In 1963, when she was just 9 years old, that dream came true. Miriam and her family were part of the nearly one million Jews made stateless and forced out of Arab lands. The Jewish Agency took the Moroccan Jewish refugees from the North African Sahara Desert and housed them in tents in the Negev Desert in Israel. Upon arriving in the Promised Land, her father fell on his knees, kissed the sandy earth, and called it “Paradise.”
In that refugee camp outside Beersheba, the family lived in poverty. As a child Miriam studied hard. At 10-years old she was cleaning her teacher’s house to support her family. But it was her mother’s attitude to Israeli soldiers which would overwhelm all other childhood memories and equip her for unforeseeable tragedies. Miriam remembers that every time her mother saw an Israeli soldier, her mother would stop and pray, “let this child come home safely.”
Miriam excelled at school and went on to study at Ben Gurion University where she acquired a degree in literature and history. She married and settled in a new Israeli town in the Sinai Desert which had been captured in the Six-Day-War. By the time Israel had relinquished the Sinai just a few years later, the young couple were located to a town just outside Jerusalem.
It was then that tragedy began to strike.
First, their eldest son Uriel was killed in action in Lebanon. Unable to deal with the loss of his son, her husband Eliezer died of a heart attack. As if that wasn’t enough, a few years later, their other son Eliraz – already a young father of three – was killed in a war with Hamas.
The people of Israel gathered around. Thousands attended Eliraz’s funeral. Here was a soldier who had already mourned his father and brother, and now his own children were orphans too. This massive public grief was also due to the fact that his mother, Miriam, had remembered her own mother’s words. It was after the death of her own first-born that Miriam began speaking to soldiers about the will to survive and thrive.
It is hard to imagine how a bereaved mother who lost two sons in action could ever inspire young recruits and not scare them away.
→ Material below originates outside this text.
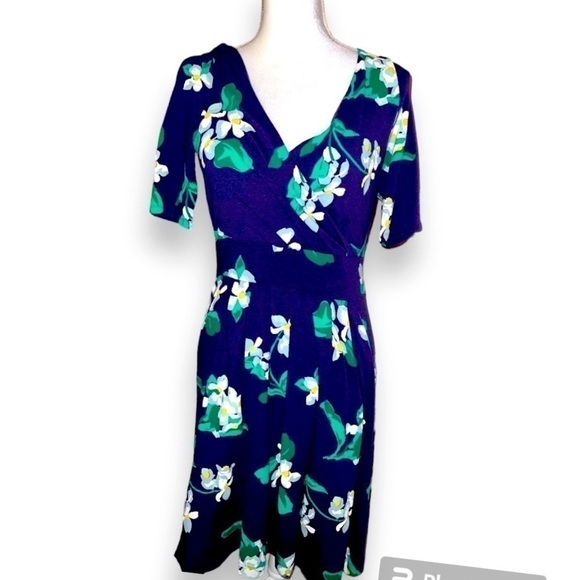 Lands' End Dresses & Skirts - Lands’ End cotton faux wrap dress, easy, 2-4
But somehow she managed to circumvent their fears, and focus on the miracle of life.
She continues to tell groups that she is a very simple woman, who believes that in order to does change the world, or her family, or her community, it can only be done by changing herself.
Her secret of joy is to break life down into moments, refusing to blame HaShem or ask the question “why.” She sees life as a miracle, and refuses to let the past overshadow the wonders of the present. Miriam’s happiness is mixed with pain, her sorrow and energy are intertwined.
Losing so many family members to such tragedy, would be enough to sink most of us into hopelessness and depression, but Miriam did not allow herself to do this. A teacher and educator to her very core, she has touched thousands of lives over the years, lit a torch on Independence Day, and even ran in the elections for the President of Israel.